The rapid contraction of the backwardation spread in the crude oil futures seen recently may be forcing equity investors to pay greater attention to the longer end of the curve and test their valuations against much lower crude price assumptions than implied by the current oil price. The result of such stress-testing is often less than comforting and highlights the intrinsic riskiness of investing in upstream equities.
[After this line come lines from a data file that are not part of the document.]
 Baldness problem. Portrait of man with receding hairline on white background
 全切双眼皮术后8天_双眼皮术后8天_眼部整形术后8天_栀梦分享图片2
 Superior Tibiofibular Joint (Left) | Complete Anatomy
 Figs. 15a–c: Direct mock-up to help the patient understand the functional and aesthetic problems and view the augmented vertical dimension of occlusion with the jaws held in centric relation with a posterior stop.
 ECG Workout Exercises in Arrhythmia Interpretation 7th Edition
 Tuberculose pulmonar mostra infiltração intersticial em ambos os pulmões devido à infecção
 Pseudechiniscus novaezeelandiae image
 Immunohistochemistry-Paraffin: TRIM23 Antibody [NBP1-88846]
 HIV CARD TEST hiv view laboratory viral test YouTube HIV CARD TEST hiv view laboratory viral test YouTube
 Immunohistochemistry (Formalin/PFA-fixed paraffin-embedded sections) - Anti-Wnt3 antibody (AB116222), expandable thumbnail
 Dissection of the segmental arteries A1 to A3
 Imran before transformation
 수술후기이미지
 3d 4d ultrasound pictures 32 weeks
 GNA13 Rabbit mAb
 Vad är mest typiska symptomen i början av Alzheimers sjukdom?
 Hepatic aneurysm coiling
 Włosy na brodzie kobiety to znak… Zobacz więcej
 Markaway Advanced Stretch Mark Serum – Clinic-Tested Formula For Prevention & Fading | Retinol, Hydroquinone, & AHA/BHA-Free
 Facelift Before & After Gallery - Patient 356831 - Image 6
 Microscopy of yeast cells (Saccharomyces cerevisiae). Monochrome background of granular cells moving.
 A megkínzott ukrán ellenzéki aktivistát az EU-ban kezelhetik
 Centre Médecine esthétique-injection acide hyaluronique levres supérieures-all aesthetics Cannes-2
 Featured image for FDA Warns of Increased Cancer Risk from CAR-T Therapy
Disclaimer: Opinions expressed herein by the author are not an investment recommendation and are not meant to be relied upon in investment decisions. The author is not acting in an investment advisor capacity. This is not an investment research report. The author's opinions expressed herein address only select aspects of potential investment in securities of the companies mentioned and cannot be a substitute for comprehensive investment analysis. Any analysis presented herein is illustrative in nature, limited in scope, based on an incomplete set of information, and has limitations to its accuracy. The author recommends that potential and existing investors conduct thorough investment research of their own, including detailed review of the companies' SEC filings, and consult a qualified investment advisor. The information upon which this material is based was obtained from sources believed to be reliable, but has not been independently verified. Therefore, the author cannot guarantee its accuracy. Any opinions or estimates constitute the author's best judgment as of the date of publication, and are subject to change without notice.